Für die verfassungsrechtliche Beurteilung ist allein entscheidend, dass der Gesetzgeber nicht durch Schaffung einer gesetzlichen Eingriffsbefugnis zu Maßnahmen der in § 14 Abs. 3 LuftSiG geregelten Art gegenüber unbeteiligten, unschuldigen Menschen ermächtigen, solche Maßnahmen nicht auf diese Weise als rechtmäßig qualifizieren und damit erlauben darf.

Das bedeutet: Jung (und/oder Schäuble) dürfen sehr wohl unter Berücksichtigung eventueller strafrechtlicher Verfolgungen den Befehl zum Abschuss geben.
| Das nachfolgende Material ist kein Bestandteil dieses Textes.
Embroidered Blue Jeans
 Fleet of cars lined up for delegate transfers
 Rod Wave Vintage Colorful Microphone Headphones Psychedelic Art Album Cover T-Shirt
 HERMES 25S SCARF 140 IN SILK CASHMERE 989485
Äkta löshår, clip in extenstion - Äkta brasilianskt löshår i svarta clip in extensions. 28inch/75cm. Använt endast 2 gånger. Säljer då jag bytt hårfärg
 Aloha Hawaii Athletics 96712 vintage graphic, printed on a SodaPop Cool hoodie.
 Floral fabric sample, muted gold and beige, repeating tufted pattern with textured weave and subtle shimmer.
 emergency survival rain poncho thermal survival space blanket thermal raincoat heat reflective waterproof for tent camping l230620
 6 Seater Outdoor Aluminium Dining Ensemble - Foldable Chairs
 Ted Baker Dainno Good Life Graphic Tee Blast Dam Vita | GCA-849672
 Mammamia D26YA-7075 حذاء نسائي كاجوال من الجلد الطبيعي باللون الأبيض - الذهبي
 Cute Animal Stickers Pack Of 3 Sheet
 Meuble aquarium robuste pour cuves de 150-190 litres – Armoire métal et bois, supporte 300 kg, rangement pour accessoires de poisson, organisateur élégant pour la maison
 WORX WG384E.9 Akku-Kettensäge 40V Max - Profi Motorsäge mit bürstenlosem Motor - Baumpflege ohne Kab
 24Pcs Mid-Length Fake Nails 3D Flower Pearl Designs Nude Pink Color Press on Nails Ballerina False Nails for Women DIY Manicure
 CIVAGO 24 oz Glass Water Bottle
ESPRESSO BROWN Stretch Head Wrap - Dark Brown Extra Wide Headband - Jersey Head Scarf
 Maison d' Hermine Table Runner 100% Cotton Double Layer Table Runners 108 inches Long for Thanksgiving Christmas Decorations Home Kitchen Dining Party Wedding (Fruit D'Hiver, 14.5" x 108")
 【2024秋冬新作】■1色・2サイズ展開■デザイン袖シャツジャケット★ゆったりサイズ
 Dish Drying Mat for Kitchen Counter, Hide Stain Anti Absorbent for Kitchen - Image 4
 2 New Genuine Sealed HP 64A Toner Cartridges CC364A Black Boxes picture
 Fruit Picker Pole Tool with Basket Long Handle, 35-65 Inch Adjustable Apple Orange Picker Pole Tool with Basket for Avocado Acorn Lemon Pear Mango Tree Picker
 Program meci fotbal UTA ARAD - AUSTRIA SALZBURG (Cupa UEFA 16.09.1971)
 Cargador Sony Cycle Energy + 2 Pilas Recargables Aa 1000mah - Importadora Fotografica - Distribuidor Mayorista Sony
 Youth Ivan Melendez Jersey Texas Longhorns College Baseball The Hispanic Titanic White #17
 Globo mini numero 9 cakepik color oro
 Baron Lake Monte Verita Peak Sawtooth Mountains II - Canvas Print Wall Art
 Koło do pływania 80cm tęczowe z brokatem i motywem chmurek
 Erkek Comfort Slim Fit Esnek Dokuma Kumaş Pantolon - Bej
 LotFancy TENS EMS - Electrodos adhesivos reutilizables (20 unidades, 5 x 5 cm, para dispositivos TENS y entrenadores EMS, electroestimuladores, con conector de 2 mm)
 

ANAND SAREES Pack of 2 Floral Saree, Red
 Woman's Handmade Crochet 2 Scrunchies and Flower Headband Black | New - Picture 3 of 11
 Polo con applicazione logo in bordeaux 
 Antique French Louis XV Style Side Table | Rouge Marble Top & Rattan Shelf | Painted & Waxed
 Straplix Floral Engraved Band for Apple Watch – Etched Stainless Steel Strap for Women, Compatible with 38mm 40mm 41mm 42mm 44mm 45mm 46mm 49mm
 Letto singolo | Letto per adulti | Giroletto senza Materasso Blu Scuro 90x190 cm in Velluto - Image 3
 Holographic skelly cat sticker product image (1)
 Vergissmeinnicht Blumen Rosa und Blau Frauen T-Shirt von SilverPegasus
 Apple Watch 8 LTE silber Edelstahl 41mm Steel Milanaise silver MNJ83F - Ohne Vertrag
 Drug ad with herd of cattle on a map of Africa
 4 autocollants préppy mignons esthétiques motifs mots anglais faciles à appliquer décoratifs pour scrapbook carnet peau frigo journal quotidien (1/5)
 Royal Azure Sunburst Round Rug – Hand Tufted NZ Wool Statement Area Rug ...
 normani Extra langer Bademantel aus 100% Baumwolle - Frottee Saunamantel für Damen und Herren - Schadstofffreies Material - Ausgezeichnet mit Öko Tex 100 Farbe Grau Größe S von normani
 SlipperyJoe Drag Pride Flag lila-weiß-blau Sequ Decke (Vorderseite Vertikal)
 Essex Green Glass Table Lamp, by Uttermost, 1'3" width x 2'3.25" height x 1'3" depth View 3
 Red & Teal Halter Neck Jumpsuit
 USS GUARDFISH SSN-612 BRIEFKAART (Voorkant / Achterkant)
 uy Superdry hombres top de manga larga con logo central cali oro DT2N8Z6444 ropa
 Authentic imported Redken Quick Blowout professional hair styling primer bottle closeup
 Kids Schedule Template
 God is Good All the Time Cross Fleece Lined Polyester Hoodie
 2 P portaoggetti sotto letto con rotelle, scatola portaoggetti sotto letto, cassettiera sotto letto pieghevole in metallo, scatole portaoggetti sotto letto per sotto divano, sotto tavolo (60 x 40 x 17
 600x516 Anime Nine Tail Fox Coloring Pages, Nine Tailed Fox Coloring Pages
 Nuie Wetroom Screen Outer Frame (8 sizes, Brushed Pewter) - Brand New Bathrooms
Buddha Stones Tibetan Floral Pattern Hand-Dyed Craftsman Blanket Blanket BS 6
Es darf nur nicht als quasi Automatismus in einem Gesetz festgeschrieben werden.

Jung kann also sehr wohl artikulieren, dass er den Befehl zum Abschuss geben würde - müsste sich dann jedoch ggf. einer strafrechtlichen Verfolgung aussetzen.

Wenn Jung und Schäuble jedoch das Grundgesetz entsprechend ändern wollen, also quasi durch die Hintertür diese Erlaubnis gesetzlich verankern wollen (aus begreiflichen Gründen; s.o.), so stellt dies allerdings gemäss dem Urteil des BVerfG ein Verfassungsbruch dar.